Moving beyond the theology of prayer, this message challenges believers to actively practice coming into the very presence of God. By embracing the necessary cost of daily devotion, we can transform prayer from an irksome duty into an experience of joy with Christ.
Transcript
Over the last four weeks, we’ve been looking at what it takes, really, to become a man or woman of prayer. To be able to pray prayers that God hears. To come before the Lord like James describes:
“The effective, fervent prayer of a righteous man avails much.”
In the very first week, we looked at that text and we began to explore what it means to be a righteous person. We have no righteousness in ourselves, and so looking at coming to God in a relationship with God, in fellowship with God, having been washed in the blood of Christ, given new birth and life in Christ, and living in fellowship with Christ. That’s part of what it means to be an effective prayer warrior, is that we have a relationship with Christ so that Christ hears us. Jesus said, “Abide in me.” And what He meant by that is sharing His spiritual life and striving to live and walk the same way Jesus lived.
In one sense, the things that we were talking about are basic Christianity. This is fundamental to what it means to be a Christian, is to be able to come to God in this way, to pray to Him in this way. And yet, these are some of the deepest things in Christianity. What we’ve been talking about, to, as Jesus said, “abide in me,” if you abide in me, He says:
“If you abide in me, and my words abide in you, ask what you will, and it will be done for you.”
To do those two things means:
- Abiding in Him: Sharing His spiritual life, striving to live and walk the same way Jesus lived and walked.

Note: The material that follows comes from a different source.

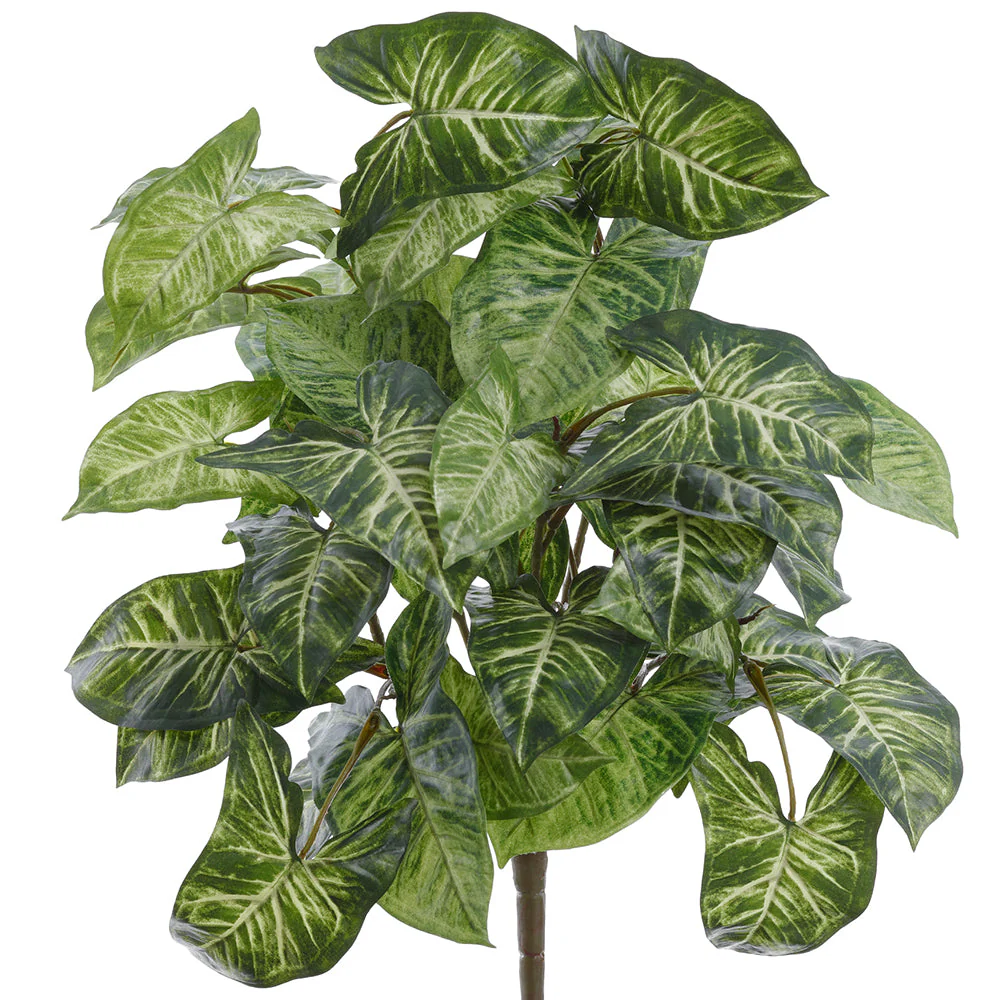 22" Nephthytis Leaf Silk Plant -Green/Variegated (Pack of 4)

- Letting the Word of God abide in you: Knowing the Word. It certainly means that some of the Word you’ve hidden in your heart, you can at least paraphrase it, you know what the Scripture says, and you believe it, and you exercise it, you obey it.
And then we talked about what happens when we let sin, and this is a regular thing in this world, interfere with that relationship with God, and that fellowship is broken. So we talked about walking in the light and coming to the Word of God and letting the Word of God convict us of our sin, which is like letting God’s light shine into our heart, and repenting of that sin so that our relationship with God is restored.
Praying in Jesus’ Name
We spent one week talking about praying in Jesus’ name and what that means. Because we punctuate our prayers with that and close it off. So what we talked about that week is, we said that praying in Jesus’ name means coming through Christ’s authority and through His merit. Because we don’t have a record that can merit a relationship with God at all. In fact, our record would just bring judgment. And yet Christ in His mercy has done a perfect work for us, and we come before God, as we read this morning, through the veil of His flesh. We come through the work of Jesus Christ, we come through Christ’s authority and through His merit. We have merit because His merit has been imputed to us, given to us.

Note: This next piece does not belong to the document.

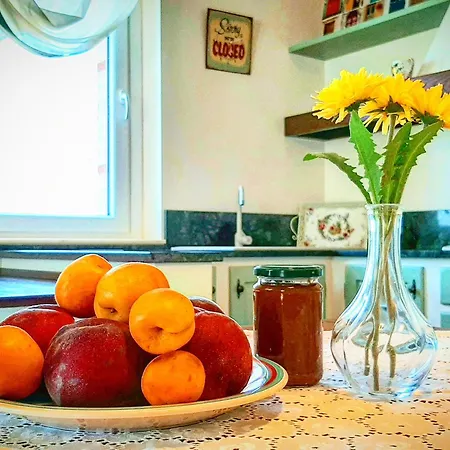 Farm stay Bio Mare In Campagna *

We also said that praying in Jesus’ name means that we are coming in the authority and name of Christ. And in doing that, it’s only reasonable that we pray in the character of Christ. Our prayers align with Christ’s nature and His attributes and His heart. We’re not praying things that He wouldn’t want. To come in the name of Christ means that we are praying in His name, it means that we are coming with our hearts aligned with His heart. And we’re relying on His mediation and we’re praying for His glory.
Seeking the Will of God
And we also looked last week at how prayer isn’t like pagan magic, where you try to bend God’s will to your will. You say the magic formulas so that you can achieve the things that you want. It’s not like that at all, and it’s not just pagans that believe that. There are preachers today that basically preach the same thing. Rather we come seeking the ultimate will of God because that’s the best thing, the best thing of all. We come praying, “Your kingdom come, Your will be done.” And we pray even for our daily needs in an unselfish way.
So these are some of the foundational things. Just touching on a few of the things we’ve talked about. Lots of teaching, really. If you look back at all those things and you bottom out point by point, there’s a lot of things. I know that it has affected me because I needed reminders of some of these things. But my concern is, we’re going to leave this topic for a little while, and I wonder if we will be affected by it ultimately in any real way, any significant way.
A Crisis of Faith and True Spirituality
I remember Francis Schaeffer, back in the 1950s, he had been preaching at a church for 10 years, and he had a crisis of faith, in a sense. He began to wonder, first of all, if any of the preaching that he had done had affected anybody in the church. And then he began to wonder if it had affected him. And so he took a leave of absence from the church and he began to explore the problem. He actually went back to the very beginning and started looking and studying to see if God is real. He went back to that foundational point and went from there, recognizing his faith is genuine and there’s real substance. We have good reason to believe in God. And everything else that follows, and we cannot possibly approach God apart from the work of Jesus Christ and the perfection of the gospel account. He exercised all those things.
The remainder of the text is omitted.